I am not sure how to go about finding all of the substrings that match this pattern. I believe I can use regex but I am not sure. Currently, I have a string that has some other stuff and this date in it.
Example: "Expiration Date: Mon Aug 20 16:07:24 2029 word other gibberish word Expiration Date: Mon Aug 20 16:08:16 2029 word gibberish word"
I do not want to find exactly this string. I want to find all date-like values.
CodePudding user response:
If you want to find all date-like values in the same format as your example, here is one way to do so:
(?:Mon|Tue|Wed|Thu|Fri|Sat|Sun) (?:Jan|Feb|Mar|Apr|May|Jun|Jul|Aug|Sep|Oct|Nov|Dec) \d{2} \d{2}:\d{2}:\d{2} \d{4}
In python:
import re
data = "Expiration Date: Mon Aug 20 16:07:24 2029 word other gibberish word Expiration Date: Mon Aug 20 16:08:16 2029 word gibberish word"

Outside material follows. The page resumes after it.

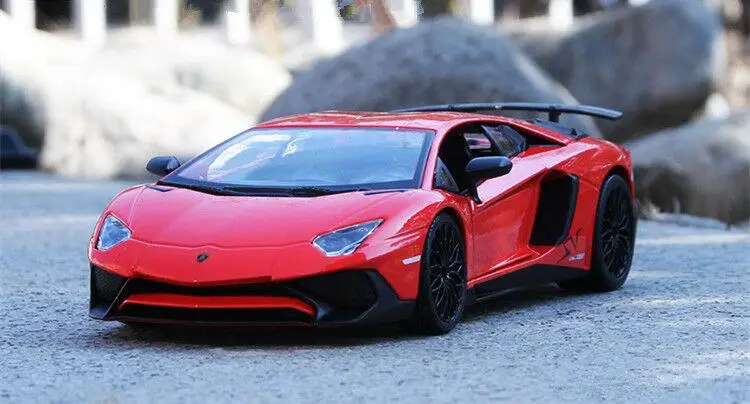 

Bburago1:24 Alloy Car Model Vehicles For Lamborghini LP750-4 Mens Gift Toys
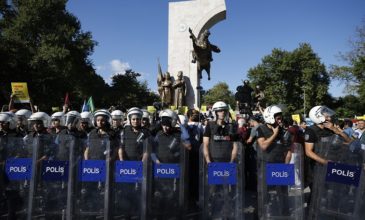 Βίαιη καταστολή σε διαδηλώσεις του φιλοκουρδικού κόμματος HDP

print(re.findall(r'(?:Mon|Tue|Wed|Thu|Fri|Sat|Sun) '
r'(?:Jan|Feb|Mar|Apr|May|Jun|Jul|Aug|Sep|Oct|Nov|Dec) '
r'\d{2} \d{2}:\d{2}:\d{2} \d{4}',
data))
# ['Mon Aug 20 16:07:24 2029', 'Mon Aug 20 16:08:16 2029']
CodePudding user response:
If you want to match every date-like string between "Expiration Date: "
and " word"
, you could use this regex:
(?<=Expiration Date: ).*?(?= word)
Of course, this assumes that " word"
is always right after the date you want to match. It uses a "Positive Lookbehind" and a "Positive Lookahead" so that matches are caught as separate matches instead of just a big match.
Resulting code:
>>> import re
>>> re.findall("(?<=Expiration Date: ).*?(?= word)", INPUT_STRING)
["Mon Aug 20 16:07:24 2029", "Mon Aug 20 16:08:16 2029"]